- TASK DIRECTIONS
Restate the data below word for word. Skip any images it contains.

- THE DATA
= Beginning of Section =

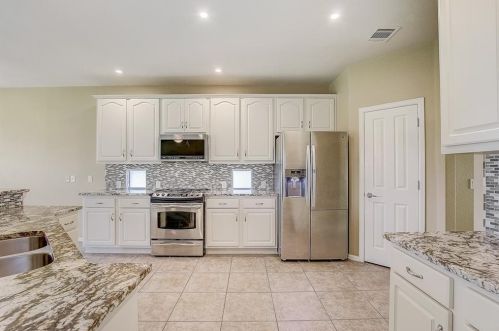 125 Sweet Gum, Uhland TX  78640-5960 exterior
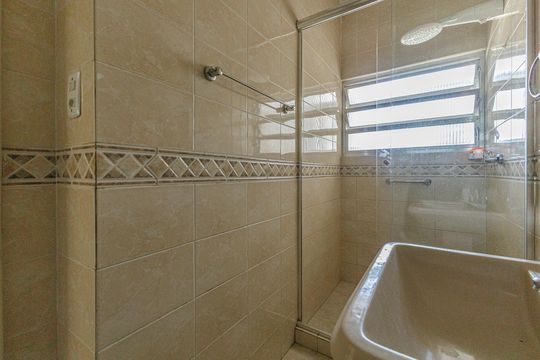 Banheiro  de apartamento à venda com 2 quartos, 119m² em Independência, Porto Alegre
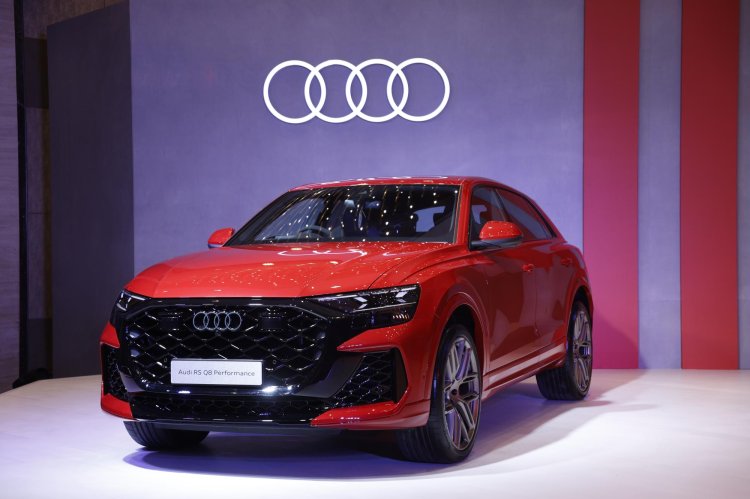 Audi Rs Q8 Performance Front Quarter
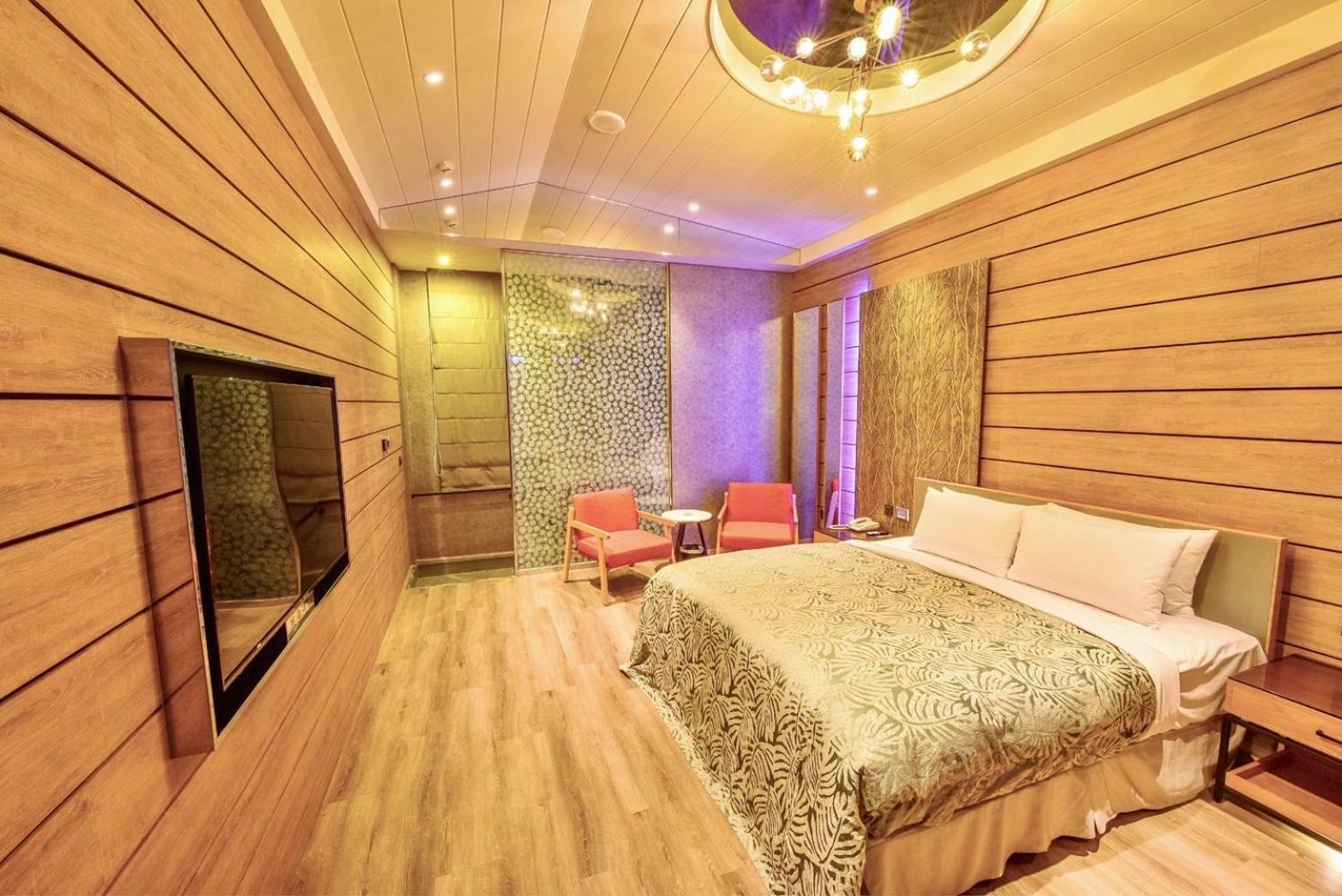 Luv U Motel Гаосюн Екстер'єр фото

= End of Section =

- THE ANSWER
 125 Sweet Gum, Uhland TX  78640-5960 exterior
 Banheiro  de apartamento à venda com 2 quartos, 119m² em Independência, Porto Alegre
 Audi Rs Q8 Performance Front Quarter
 Luv U Motel Гаосюн Екстер'єр фото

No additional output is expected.